Since $g_i$ is continuously differentiable at $a$, it follows from Theorem 2-8 that $g$ is differentiable at $a$.

In the next step he uses the chain rule (Theorem 2-2) to complete the proof. This seems in a sense absurd: Spivak invokes the general form of the chain rule to prove a special case of the chain rule. This is not an error (not even a mild one), but why does he do that?

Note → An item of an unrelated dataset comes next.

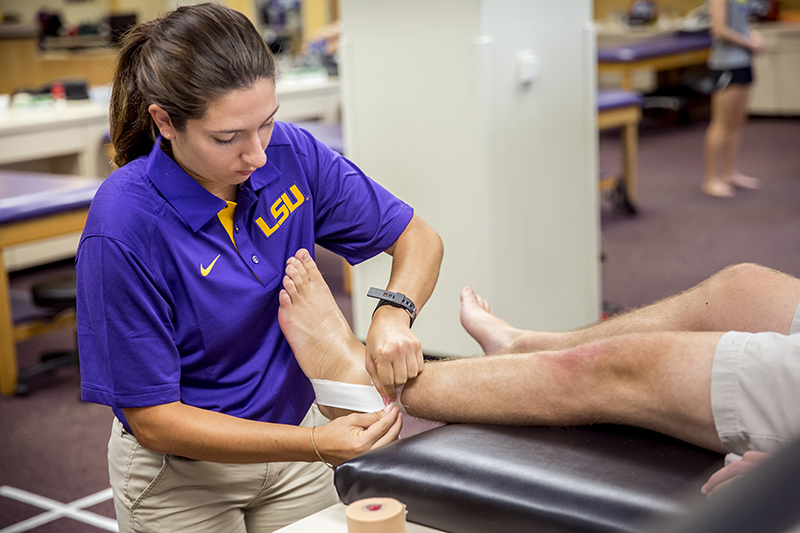 photo of female in LSU purple polo wrapping an ankle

The only explanation that I have is that the general chain rule only states that $D (g \circ f) (a) = Dg(f(a)) \circ Df(a)$ which is less concrete than the formula in Theorem 2-9. Theorem 2-7 gives a description of $Df(a)$ via partial derivatives, but its proof is based on the general chain rule. On the top of p.32 Spivak says

Although the chain rule was used in the proof of Theorem 2-7, it could easily have been eliminated. With Theorem 2-8 to provide differentiable functions, and Theorem 2-7 to provide their derivatives, the chain rule may therefore seem almost superfluous. However, it [the chain rule] has an extremely important corollary concerning partial derivatives.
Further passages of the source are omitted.